Described as the Henry Ford of Nigeria, who opened channels of riches and investment for Africans, Dr. Olorogun Michael Ibru’s innate curiosity and eventual greatness comes to me as no surprise. In the words of Ken Robison, “curiosity is the engine of achievement.”
I recall reading about an incidence in his childhood, in which a wealthy maternal uncle – Ovedje Osadjere, asked him and his brother what they would want as gift from him. Rather than ask for material gifts and toys in the manner of exuberant youths, Dr. Ibru requested permission to pluck some Cocoa pods from his Uncle’s farm because he needed to carry out an experiment with the liquid from the pods; to see if he could brew some drinks from them. This singular event captures the entrepreneurial attributes that were to become the hallmark of his life achievements.

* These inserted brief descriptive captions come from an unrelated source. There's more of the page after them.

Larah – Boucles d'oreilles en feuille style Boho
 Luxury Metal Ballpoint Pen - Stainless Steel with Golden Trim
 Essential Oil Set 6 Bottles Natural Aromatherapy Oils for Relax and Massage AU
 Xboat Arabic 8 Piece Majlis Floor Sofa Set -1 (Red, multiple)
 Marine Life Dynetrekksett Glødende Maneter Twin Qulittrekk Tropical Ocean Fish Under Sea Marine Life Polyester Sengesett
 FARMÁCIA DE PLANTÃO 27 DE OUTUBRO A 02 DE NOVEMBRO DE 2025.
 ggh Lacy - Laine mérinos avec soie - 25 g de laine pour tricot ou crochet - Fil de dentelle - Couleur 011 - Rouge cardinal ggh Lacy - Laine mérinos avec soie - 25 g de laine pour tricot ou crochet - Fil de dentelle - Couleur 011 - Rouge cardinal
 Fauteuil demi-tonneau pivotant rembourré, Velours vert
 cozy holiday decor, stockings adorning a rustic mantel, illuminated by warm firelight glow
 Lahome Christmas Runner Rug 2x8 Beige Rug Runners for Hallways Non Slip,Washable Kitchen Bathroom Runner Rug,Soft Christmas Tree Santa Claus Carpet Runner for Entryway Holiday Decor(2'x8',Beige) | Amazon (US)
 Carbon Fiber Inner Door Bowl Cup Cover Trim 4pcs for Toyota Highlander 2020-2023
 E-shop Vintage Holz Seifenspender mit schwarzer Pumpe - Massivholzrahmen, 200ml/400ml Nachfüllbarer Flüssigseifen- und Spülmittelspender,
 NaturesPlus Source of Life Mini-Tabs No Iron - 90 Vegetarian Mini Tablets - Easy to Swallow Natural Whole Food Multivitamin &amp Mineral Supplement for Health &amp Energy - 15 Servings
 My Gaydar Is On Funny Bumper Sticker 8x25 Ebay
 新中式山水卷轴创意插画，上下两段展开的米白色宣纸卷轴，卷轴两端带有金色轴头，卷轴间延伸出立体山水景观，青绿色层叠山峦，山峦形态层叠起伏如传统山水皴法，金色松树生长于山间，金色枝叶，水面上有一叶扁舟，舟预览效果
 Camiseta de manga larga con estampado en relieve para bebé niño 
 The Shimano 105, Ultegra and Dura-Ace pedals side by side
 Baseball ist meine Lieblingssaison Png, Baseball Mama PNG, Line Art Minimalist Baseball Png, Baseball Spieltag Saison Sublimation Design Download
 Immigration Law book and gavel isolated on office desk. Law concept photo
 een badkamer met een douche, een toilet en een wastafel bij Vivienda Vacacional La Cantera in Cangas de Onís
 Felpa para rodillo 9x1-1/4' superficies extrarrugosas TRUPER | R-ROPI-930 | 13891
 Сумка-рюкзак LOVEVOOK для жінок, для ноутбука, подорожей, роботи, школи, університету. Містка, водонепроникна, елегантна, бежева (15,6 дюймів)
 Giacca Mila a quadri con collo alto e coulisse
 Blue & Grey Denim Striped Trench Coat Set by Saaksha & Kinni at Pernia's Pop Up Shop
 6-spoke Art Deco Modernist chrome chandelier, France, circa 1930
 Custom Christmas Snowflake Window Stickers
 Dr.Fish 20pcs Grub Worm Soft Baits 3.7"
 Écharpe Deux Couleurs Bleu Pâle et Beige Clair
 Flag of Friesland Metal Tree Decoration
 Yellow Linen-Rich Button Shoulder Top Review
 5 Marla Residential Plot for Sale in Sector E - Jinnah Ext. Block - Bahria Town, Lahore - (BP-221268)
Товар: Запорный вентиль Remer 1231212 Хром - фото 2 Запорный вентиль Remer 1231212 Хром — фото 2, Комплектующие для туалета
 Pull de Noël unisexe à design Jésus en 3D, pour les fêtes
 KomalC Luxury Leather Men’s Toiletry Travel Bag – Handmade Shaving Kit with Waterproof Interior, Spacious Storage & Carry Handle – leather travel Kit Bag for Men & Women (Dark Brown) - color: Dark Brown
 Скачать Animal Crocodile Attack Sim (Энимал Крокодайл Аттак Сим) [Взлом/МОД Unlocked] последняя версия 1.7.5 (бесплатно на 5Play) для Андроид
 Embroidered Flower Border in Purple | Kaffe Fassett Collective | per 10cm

Olorogun (Dr.) Michael Ibru, OFR, is a daring Entrepreneur who never ran away from challenges and ventured where other investors fear to tread. After having acquired intensive business and entrepreneurship skills during his internship with United Africa Company, Dr. Ibru saw opportunities in the frozen fish market and at the young age of 24, took the bold step to go into a business that later became the backbone of the Ibru family’s empire.
How could I have forgotten ‘Oku Eko’? I was only 9 years old and remember going with my mother to the market to buy frozen fish. If the fish seller doesn’t have ‘Oku Eko’, no one would buy. This is because without ‘Oku Eko’ in your soup, your pot is as good as empty. This experience taught me the importance of quality in creating a business empire.
The Ibrus have proven over and over again, like the Rockefellers, Rothschild, the Wright Brothers and Steve Jobs, that innovation is the mother of diversification. Having being successful in the frozen fish business, they diversified into banking, brewing, oil and gas, farming and are the largest farm owners during the tank farm revolution in Nigeria.
A very important lesson that struck me in the life of this visionary leader is his selflessness. Dr. Ibru did not just build an empire for himself but was noted to have been instrumental in influencing and changing the financial fortunes of his family.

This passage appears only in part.